Entrevista:O Estado inteligente

sábado, março 22, 2008

Dora Kramer Por conta do Bonifácio

O MST e suas variações campesinas não têm hoje nem de longe a importância que já tiveram quando eram vistos como a encarnação do bem na luta dos desvalidos por justiça social. Impunham medo ao poder público, que não queria ser o algoz dos oprimidos.

Faziam sucesso nas pesquisas de opinião, eram convidados de honra nos ambientes bem pensantes, chegaram mesmo a exercer certa influência no cenário político. Chegou-se a cogitar que fundariam um partido, ao molde da trajetória do movimento sindical renascentista que resultou no PT.

Com o passar do tempo, o recrudescimento das ações meramente ilegais e a desconexão destas com qualquer coisa parecida com reforma agrária - cujo sentido de anacronismo também foi se tornando óbvio -, o movimento perdeu o encanto revolucionário, passou a ser visto como um ajuntamento de malfeitores.

Hoje não conta mais como ator político, em boa medida porque o governo Luiz Inácio da Silva adotou a estratégia de deixar o MST e adjacências falando sozinhos, sem estabelecer com eles nenhuma interlocução oficial nem para repreender nem para apoiar suas ações.

Seria uma boa idéia se por trás dela não estivessem objetivos pragmáticos que dependiam primordialmente da tolerância absoluta com toda e qualquer ilegalidade.

Parceiros quando os tempos eram de oposição, PT e MST ficaram tacitamente entendidos: um não criaria mais problemas para o outro.

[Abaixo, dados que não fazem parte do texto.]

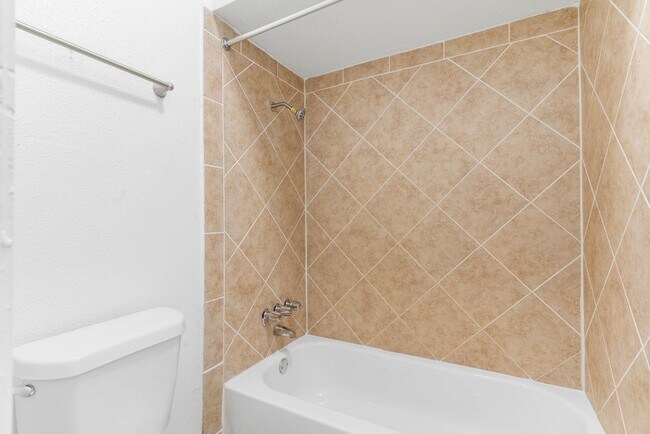 Building Photo - 14814 Perthshire Rd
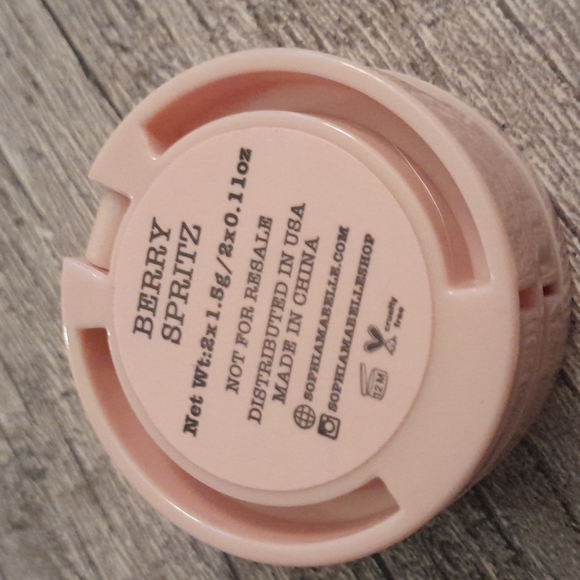 PICK 5 FOR 25 SOPHIA AND MABELLE THE STACK EYESHADOW DUO - Picture 4 of 4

Assim, Lula e o PT livraram-se de uma assombração político-eleitoral e os bandoleiros ficaram definitivamente livres para dar curso a invasões, depredações, interdições, agressões sem nenhum tipo de óbice e ainda contando com verbas federais para seu sustento.

No começo do primeiro mandato, o MST ainda era um fator de constrangimento. Os recém-empossados no poder mantinham as aparências.

Um ou outro condenava a "violência", ainda que o presidente tratasse esse pessoal com a deferência de um movimento social perfeitamente legítimo e legal, recebendo seus chefes no Palácio do Planalto.

Devagar, a simpatia explícita foi cedendo lugar à indiferença. Aparteou-se do problema e conseguiu transmitir a sensação de que esse negócio de invasões "faz parte" da administração geral das carências nacionais.

Há muito nem o presidente, nem ninguém no governo, considera mais necessário se pronunciar sobre as ações, por mais agressivas que sejam ao Estado como instituição da coletividade (e não instituto de propriedade partidária) e ao direito da sociedade de viver num País onde se respeitam as leis.

Os sem-terra fazem o que querem, o Estado dá de ombros e os agredidos que procurem seus direitos na Justiça. Esta tem reiterado a existência de uma situação de ilegalidades em série.

Quando encontra brecha manda prender um, multa outro, mas seu poder é limitado. E até debochado, como fez agora João Pedro Stédile ao receber com escárnio - "uma idiotice" - a fixação de multa de R$ 5 mil por ato de vandalismo que venha a "incitar e promover" contra instalações da Vale, antiga do Rio Doce.

A mineradora reagiu dando às coisas os nomes que elas têm. Denunciou o "banditismo" e chamou atenção para o "constante desrespeito ao Estado de Direito". Mas a maioria não reage. Rende-se ao clima de conformidade, difundido pela inércia do poder público.

Este parece considerar que, se ficar quieto, esvazia a repercussão das invasões. O problema é que só o governo enquanto força político-partidária tem a ganhar com isso e não mede outras conseqüências, só pesa o benefício em causa própria.

Os agredidos ficam largados à própria sorte como se a inviolabilidade de seus territórios não fosse uma questão de Estado. A ser tratada com o mesmo rigor legalista com que o governo brasileiro soube reagir à invasão do Equador pela Colômbia, não obstante tenha calado sobre a agressão das Farc às fronteiras colombianas.

Cada um, empresa ou cidadão, é soberano no seu direito à propriedade, cuja preservação o governo tem o dever de garantir de maneira igual para todos.

Quando não faz isso por esperteza, para fugir de um embate que possa lhe ser politicamente inconveniente, o governante falta ao País. Peca por omissão e deliberadamente quebra o juramento feito na posse, de servir a um só senhor: os ditames da Constituição.

Efeito colateral

Amigos de fé do governador de Minas Gerais no PSDB começam a se sentir no dever de avisar a ele que conviria, a bem da convivência e da prosperidade do apoio interno a seus projetos futuros, que desmentisse com mais contundência as versões de que pode deixar o partido.

Há compreensão em relação ao movimento de Aécio Neves para se fortalecer perante José Serra. Mas há também um sentimento de que deve ir devagar com o andor e tomar cuidado para não dar ao PSDB a imagem de legenda descartável.